Flux pinning and phase separation in oxygen rich La2-xSrxCuO4+y system

TL;DR

This study investigates flux pinning in oxygen-rich La2-xSrxCuO4+y, revealing that large magnetic regions do not serve as effective pinning centers, unlike nanoscale inhomogeneities in typical cuprates, affecting their superconducting properties.

Contribution

It demonstrates that magnetic regions in super-oxygenated La2-xSrxCuO4+y are too large to pin flux, highlighting the importance of nanoscale inhomogeneities for flux pinning in cuprates.

Findings

Magnetic regions are too large to act as pinning centers.

Flux pinning is associated with nanoscale inhomogeneities.
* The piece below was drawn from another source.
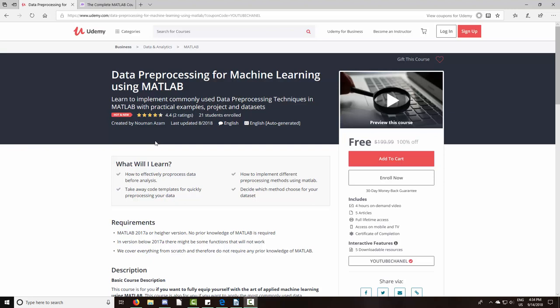Hello everyone and welcome to another MATLAB tutorial. This tutorial is an introduction to data pre-processing for machine learning using MATLAB. Dr. Asim is providing us with a limited number of free coupons to enroll in the complete course on Udemy. I will include a link in the description of this video with instructions on how to get your free coupon. It's first-come first-served, so make sure you redeem the coupon as quickly as possible.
Superconducting regions are more homogeneous than in typical cuprates.

Abstract

We have studied the magnetic characteristics of a series of super-oxygenated La2-xSrxCuO4+y samples. As shown in previous work, these samples spontaneously phase separate into an oxygen rich superconducting phase with a TC near 40 K and an oxygen poor magnetic phase that also orders near 40 K. All samples studied are highly magnetically reversible even to low temperatures. Although the internal magnetic regions of these samples might be expected to act as pinning sites, our present study shows that they do not favor flux pinning. Flux pinning requires a matching condition between the defect and the superconducting coherence length. Thus, our results imply that the magnetic regions are too large to act as pinning centers. This also implies that the much greater flux pinning in typical La2-xSrxCuO4 materials is the result of nanoscale inhomogeneities that grow to become the large magnetic regions in the super-oxygenated materials. The superconducting regions of the phase separated materials are in that sense cleaner and more homogenous than in the typical cuprate superconductor.